LAPORAN BACAAN
Judul
Buku : Politik Etnik,
Dinamika Politik Lokal di Kendari
Pengarang : Sofyan Sjaf
Penerbit : Yayasan Obor
Indonesia-Jakarta
Tahun
Terbit : 2014
Oleh :Kamaruddin Salim
Dalam buku Politik
Etnik, Dinamika Politik Lokal di Kendari yang di tulis oleh Sofyan Sjaf,
terdiri dari empat bagian. Di bagian pertama,
merupakan prawacana. Bagian kedua,
Politik Identitas dalam tinjauan teoritis. Bagian ketiga, Dinamika Politik Etnik di Kendari dan bagian keempat, Proyeksi Indonesia: Belajar
dari Kendari. Di bagian pertama, Sofyan menggambarkan bahwa lebih dari satu
dekade, desentralisasi melalui otonomi daerah berlangsung di negeri ini. Di
samping dampak positif yang telah diberikan (seperti kebebasan pers, kebebasan
berpendapat dan menyampaikan kritik, inovasi dan kreativitas pemerintah daerah
dalam melakukan tata kelola pemerintahan, dan akses terhadap sumber-sumber
ekonomi), desentalisasi pula tak pelak memberikan dampak negatif, seperti langgengnya
politik uang (money politics), dalam
pemilihan kepala derah (pilkada), tumbuh suburnya praktik shadow state dan rent seeking,
“meratanya” praktik KKN (Korupsi, Kolusi dan Nepotisme) dan kanalisasi poltik
identitas [etnik]. Tentang dampak negatif tersebut, berbagai studi mempertegas
bahwa kebijakan desentralisasi dengan pilihan demokrasi liberal telah menjadi
“pintu masuk” kebangkitan politik identitas [etnik] yang menempatkan dominasi
etnisitas istitas lainnya di berbagai arenatertentu terhadap etnisitas di
berbagai arena.
Sofyan
menegaskan bahwa dalam arena politik. Identitas etnik di (re)produksi sebagai
isu putra daerah yang kebanyakan dilakukan oleh elit politik lokal untuk
merebut kekuasaan politiknya. Mengutip Eindhoven, dengan tegas mengatakan
momentum reformasi telah menghantarkan para elit lokal mengonsolidasikan
kekuatan identitas etnik untuk menolak kepala daerah yang berasal dari
non-etniknya. Demikian halnya fenomena pembentukan kabupaten baru, yaitu para
pemimpin (elit) etnik berupaya memisahkan atau melepaskan diri dari kabupaten
induknya dengan alasan distingsi
sejarah kebudayaan, agama dan etnisitas.
Dalam memotret
lebih dekat (makro) kondisi objektif (heterogenitas) identitas etnik ketika
berlangsungnya kebijakan desentralisasi, Sofyan menilai menguraikan bahwa
kebijakan desentralisasi telah memberikan peluang tampilnya politik identitas etnik yang terus
di (re)produksi aktor atau elit lokal, sehingga mengakibatkan terjadinya oportunity loss. oportunity loss, dimaksudkan
sebagai dampak dari tindakan aktor atau elit yang secara sadar dikonstruksi
untuk membuka kesempatan dominasinya etnik tertentu dan sebaliknya,
terdominasinya etnik lain.
Untuk
menjelaskan fenomena politik identitas yang ditelitinya, Sofyan menggunakan teori
Piere Bourdieu, Teori Praktik; Habitus, Arena dan Modal. Di mana, dalam teori
praktiknya Bourdieu merumuskan dua dimensi yakni proses internalisasi yang
dialami pelaku (seorang atau sekelompok orang) dan pengungkapan dari segala
sesuatu yang telah terinternalisasi yang terjadi bagian dari diri si pelaku.
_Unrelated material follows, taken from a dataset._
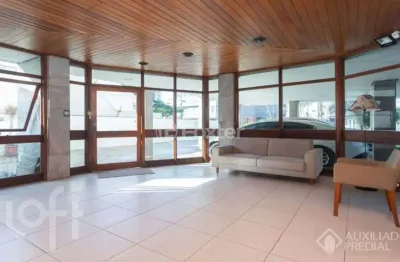 Cobertura com 2 quartos à venda na Rua Câncio Gomes, 584, Floresta, Porto Alegre, 171 m2 por R$ 750.000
Internalisasi yang di alami pelaku tersebut berdasarkan pengalaman hidup yang
melekat dalam aktor (habitus) dalam berbagai arena. Untuk setiap praktik aktor merupakan
produk hasil interaksi antar habitus dan arena. Karena arena mempunyai aturan
snediri-sendiri, setiap aktor harus mampu berjuang di arena tersebut.
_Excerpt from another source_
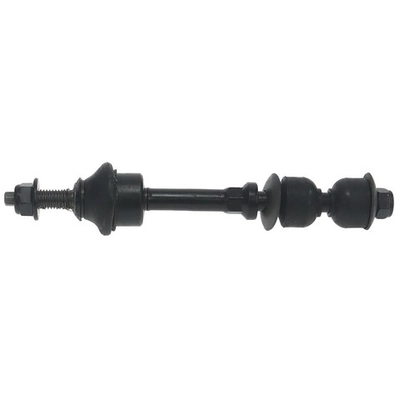 PROMAX - A11K80337 - Sway Bar Link pa1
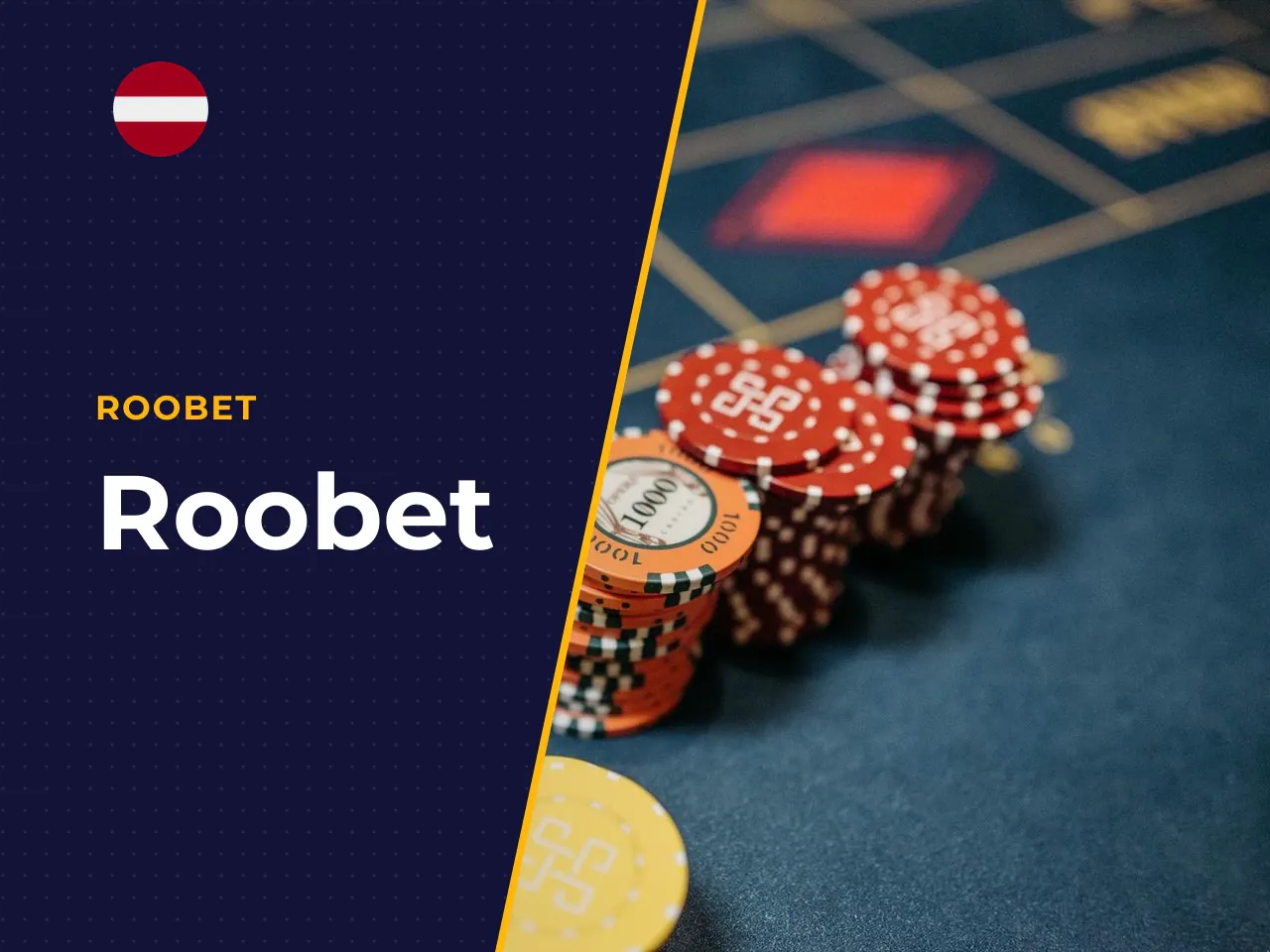 Roobet heading-banner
Selanjutnya praktik aktor yang dihasilkan atau dimiliki seseorang atau
sekelompok orang merupakan produk hasil interaksi antar habitus dan arena. Untuk
mempertahankan eksisitensi seseorang aktor dalam arena tertentu, seorang aktor
harus memiliki kekuasaan dan cara aktor mempertahankan eksistensinya di arena.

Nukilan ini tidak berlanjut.